= PROVIDED DATA =
□ □ □ □
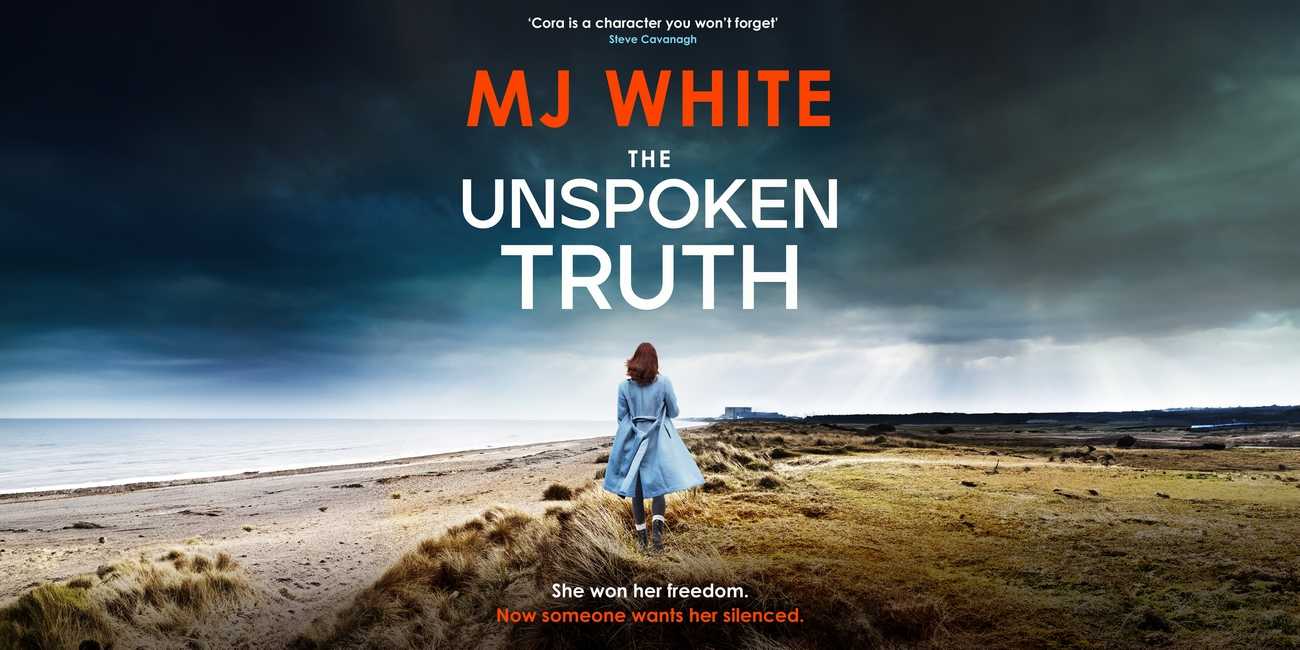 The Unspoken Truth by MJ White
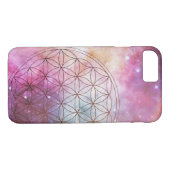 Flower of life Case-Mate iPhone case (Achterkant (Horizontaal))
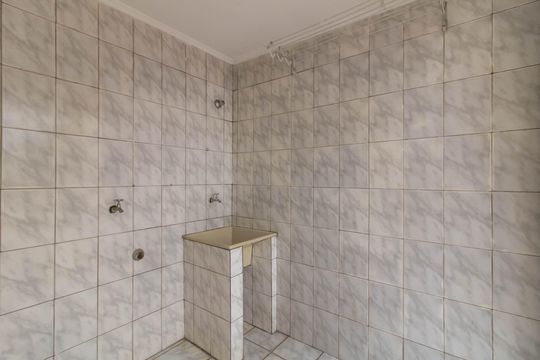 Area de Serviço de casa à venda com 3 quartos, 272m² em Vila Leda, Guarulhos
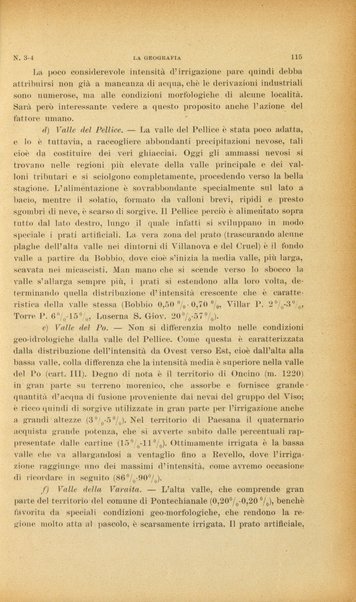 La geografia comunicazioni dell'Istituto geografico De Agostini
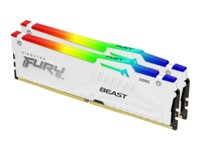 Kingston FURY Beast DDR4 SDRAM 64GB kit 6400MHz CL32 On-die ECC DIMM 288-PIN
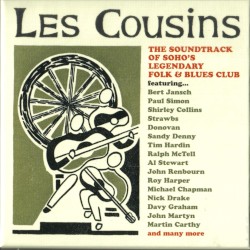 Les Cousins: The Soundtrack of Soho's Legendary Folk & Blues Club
□ □ □ □
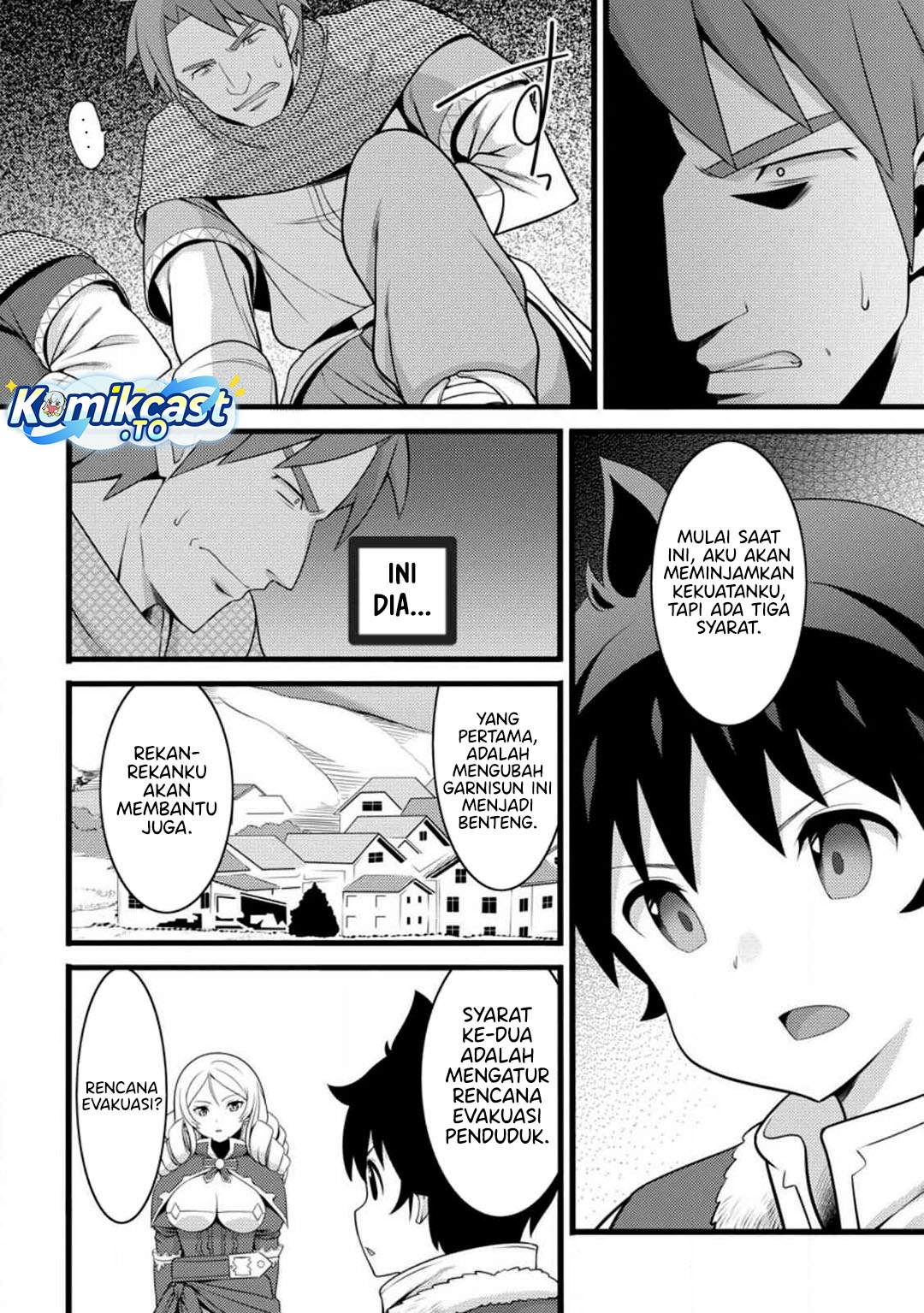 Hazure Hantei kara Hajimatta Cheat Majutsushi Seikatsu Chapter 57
□ □ □ □
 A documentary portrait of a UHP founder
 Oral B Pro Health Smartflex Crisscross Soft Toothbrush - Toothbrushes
□ □ □ □
= YOUR OBJECTIVE =
Would you copy, unchanged, the stretch of the records above that begins at the line containing "A documentary portrait of a UHP founder" and ends at the line containing "Oral B Pro Health", and only that?

= EXERCISE RESPONSE =
 A documentary portrait of a UHP founder
 Oral B Pro Health Smartflex Crisscross Soft Toothbrush - Toothbrushes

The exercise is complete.